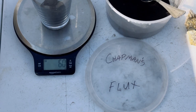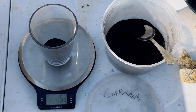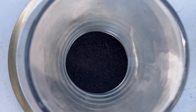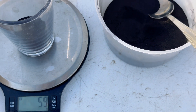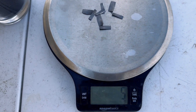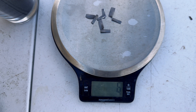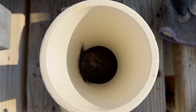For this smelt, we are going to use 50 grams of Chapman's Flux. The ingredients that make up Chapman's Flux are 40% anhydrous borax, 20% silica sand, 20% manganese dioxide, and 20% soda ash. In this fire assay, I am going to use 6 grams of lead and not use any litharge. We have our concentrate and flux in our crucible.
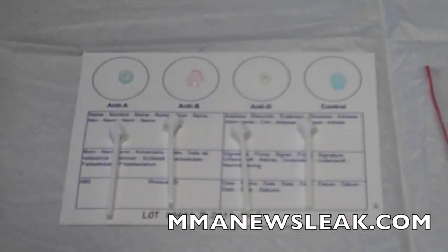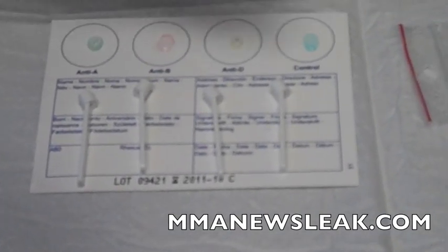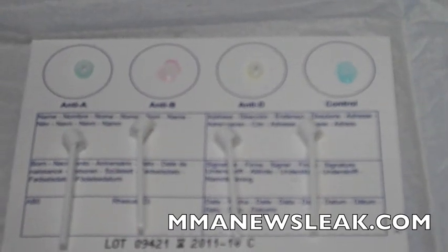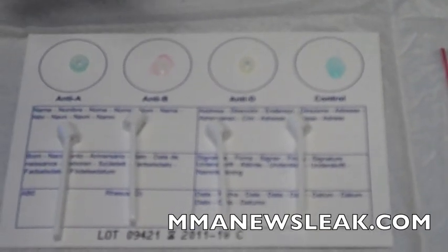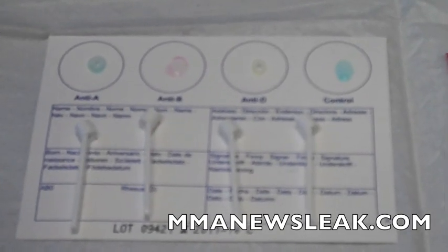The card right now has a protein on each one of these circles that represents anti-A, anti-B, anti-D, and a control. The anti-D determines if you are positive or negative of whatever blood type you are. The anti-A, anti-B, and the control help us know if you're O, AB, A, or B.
::::::::::
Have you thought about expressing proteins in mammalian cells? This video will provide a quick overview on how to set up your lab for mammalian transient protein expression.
::::::::::
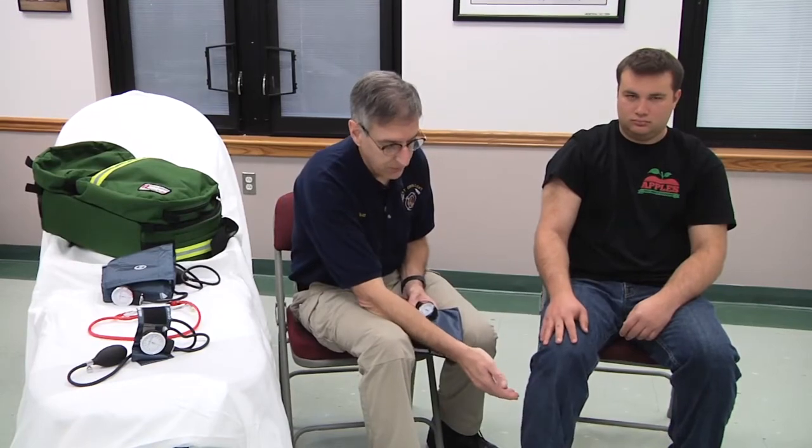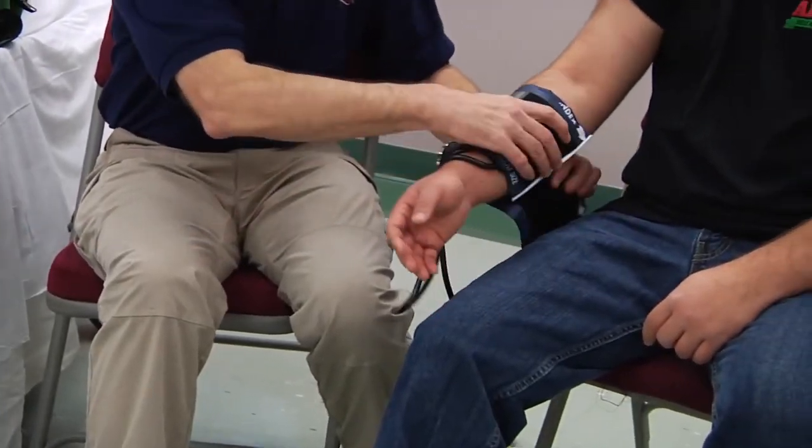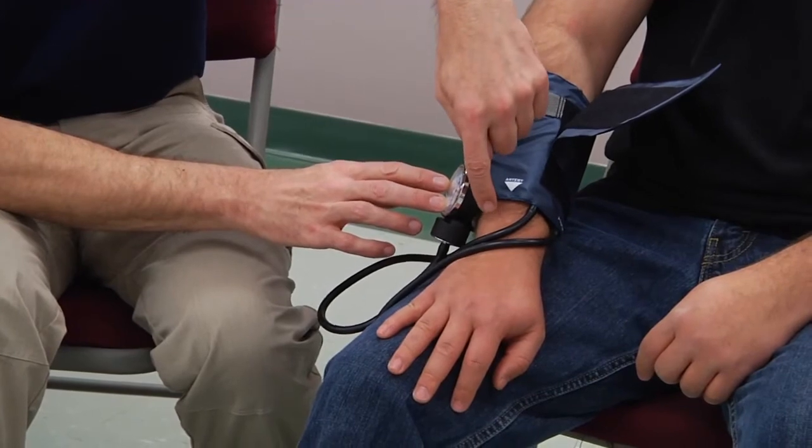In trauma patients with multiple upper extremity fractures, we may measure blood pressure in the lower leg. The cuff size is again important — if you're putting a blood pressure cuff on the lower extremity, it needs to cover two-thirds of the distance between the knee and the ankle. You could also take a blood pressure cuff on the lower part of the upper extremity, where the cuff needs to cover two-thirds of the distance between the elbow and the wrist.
::::::::::
*ACTIVITY*. Within the listing above, print exactly the stretch beginning at the line that contains "For this smelt, we" and finishing at the line that contains "The card right", ends kept, pictures left out, and nothing more.

*RESULT OF THE EXERCISE*.
For this smelt, we are going to use 50 grams of Chapman's Flux. The ingredients that make up Chapman's Flux are 40% anhydrous borax, 20% silica sand, 20% manganese dioxide, and 20% soda ash. In this fire assay, I am going to use 6 grams of lead and not use any litharge. We have our concentrate and flux in our crucible.
The card right now has a protein on each one of these circles that represents anti-A, anti-B, anti-D, and a control. The anti-D determines if you are positive or negative of whatever blood type you are. The anti-A, anti-B, and the control help us know if you're O, AB, A, or B.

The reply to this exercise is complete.